With the recent earthquake and tsunami in Japan, the country has been devastated. Thousands are left stranded without the most basic needs of clothes and shelter. Many are facing illness and inaccessibility to their usual medications needed to stay alive. With the country left in shambles, many Americans have overwhelmingly felt the need to donate and help Japan get back on its feet.
UC Santa Barbara is no exception.
Many groups on campus have begun efforts to fundraise. The Japanese Language Café (JLC), Japanese Student Association (JSA), and Judo Club have united to raise money for Japan. During the first few weeks of spring quarter, wristbands and t-shirts have been sold outside of the UCen. This effort to raise money is so successful that the group has temporarily run out of stock. However, more items are being ordered to meet the popular demand.
“I personally like the shirt,” said Mike Matsuda, President of the Judo Club, and also a student studying Japanese. “Once you start studying the language and you have family over there, it means a lot because you’re donating. Also, the shirt itself has a lot of symbols in it; the characters themselves mean a lot of things like patience and hope, but then they [appear to] spell love too.”
All proceeds made from the sales are being donated to Direct Relief International, explained Phillip Wong, leader of the Japanese Language Café and a fourth-year Japanese major. This charity has confirmed they will allocate donations to Japan.

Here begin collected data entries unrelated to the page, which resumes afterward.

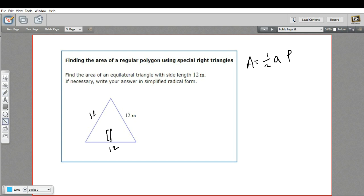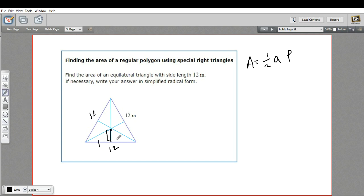One thing we can do is we can drop altitudes from all of the vertices, going perpendicular. When we do that with an equilateral triangle, what we get is six identical 30-60-90 triangles. And we've cut these sides in half, so this is six.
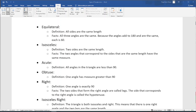In an acute triangle, we know that all three angles are less than 90 degrees. And in an obtuse triangle, one of those three angles is greater than 90 degrees. Of course, we can't have two or three of the angles be obtuse — greater than 90 degrees — because that wouldn't add up to 180. Remember that the 90 degree angle is what we're calling a right angle, and that is the one that forms a perfect corner.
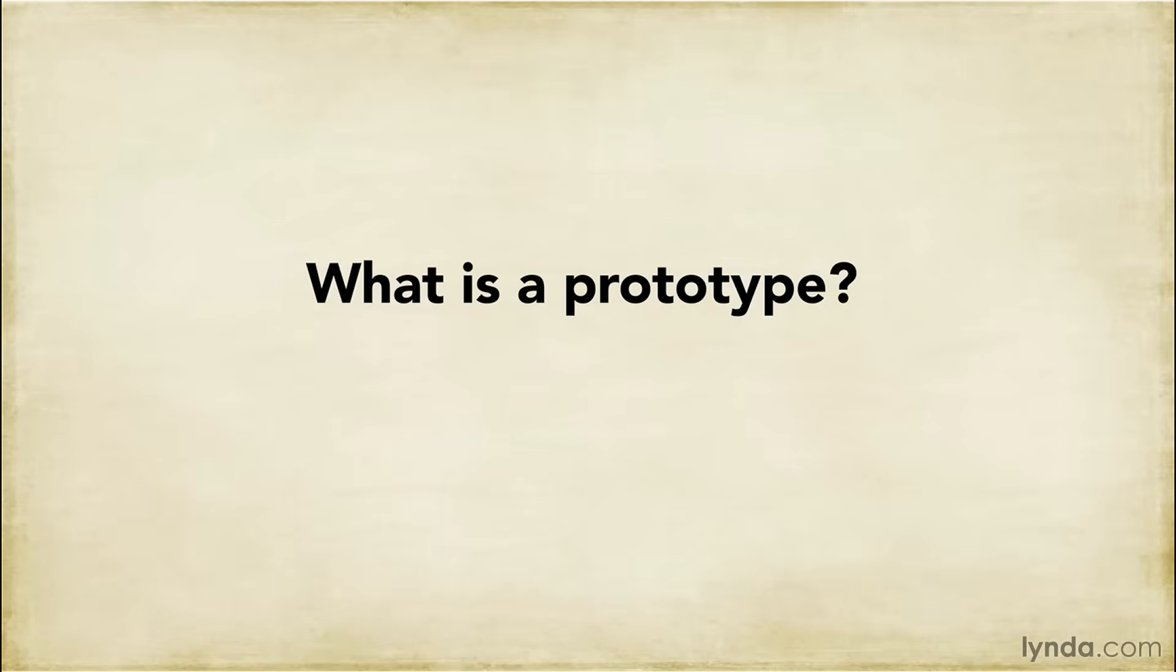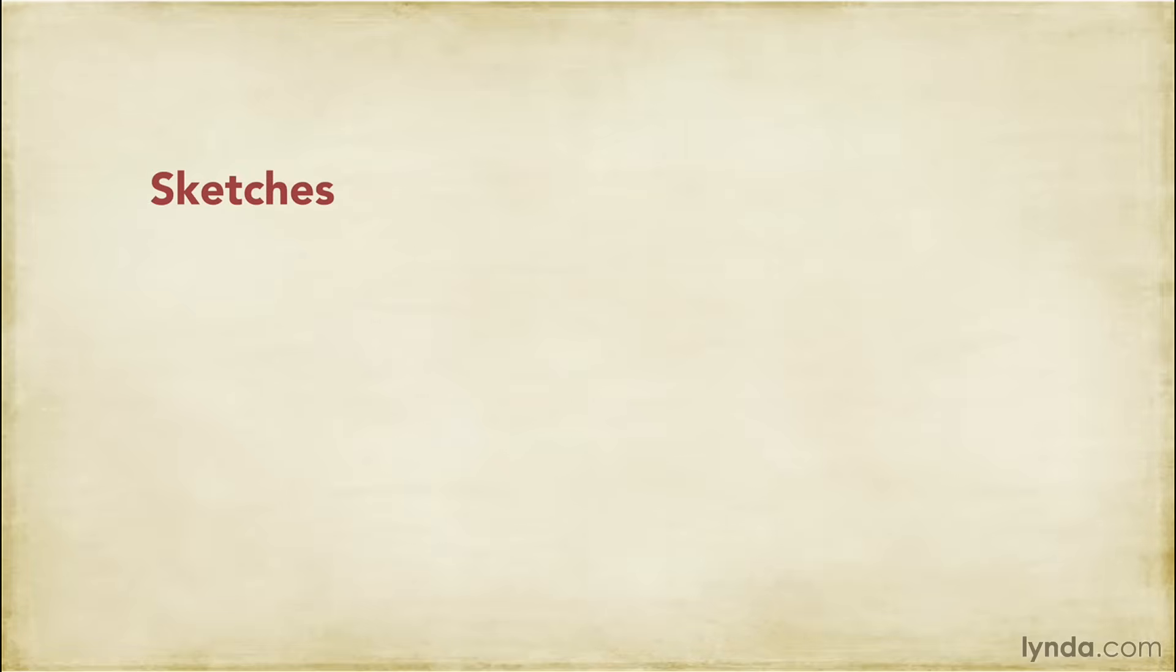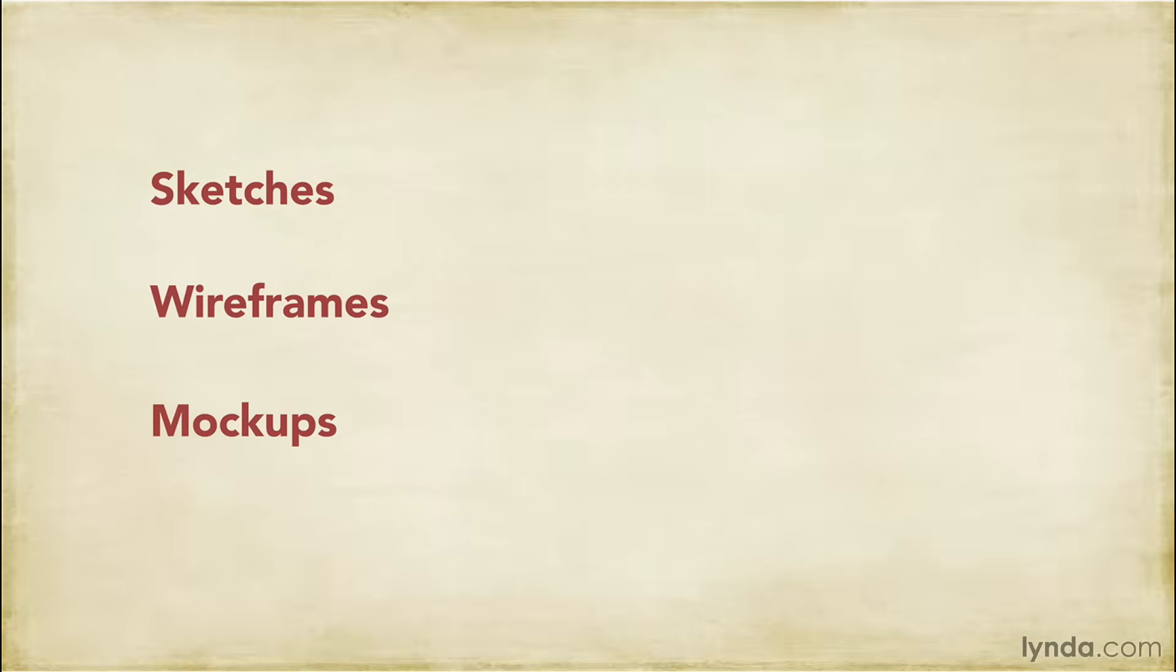First, let's talk about what a prototype isn't. I often hear it mentioned in the same breath as sketches, wireframes, and mockups. These design elements, while important to the overall process, are not prototypes.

“After witnessing the horrific event all over the news, the JLC decided that this is the time to show how much love and support that not only we, but all students around UCSB have for Japan,” said Wong.
In addition to fashion, an origami event is being planned for April 7th and 8th from 2-5 PM, said Loui Nakano, President of JSA.
“You come and you buy origami paper for a dollar, and we teach you how to fold cranes. We’re going to get a thousand of them and send them to Japan,” she explained.
The “Thousand Origami Cranes” is a Japanese tradition that promises anyone who folds a thousand origami cranes will be granted a wish pertaining to long life or recovery from illness or injury. All proceeds from this event will be going to Direct Relief International as well.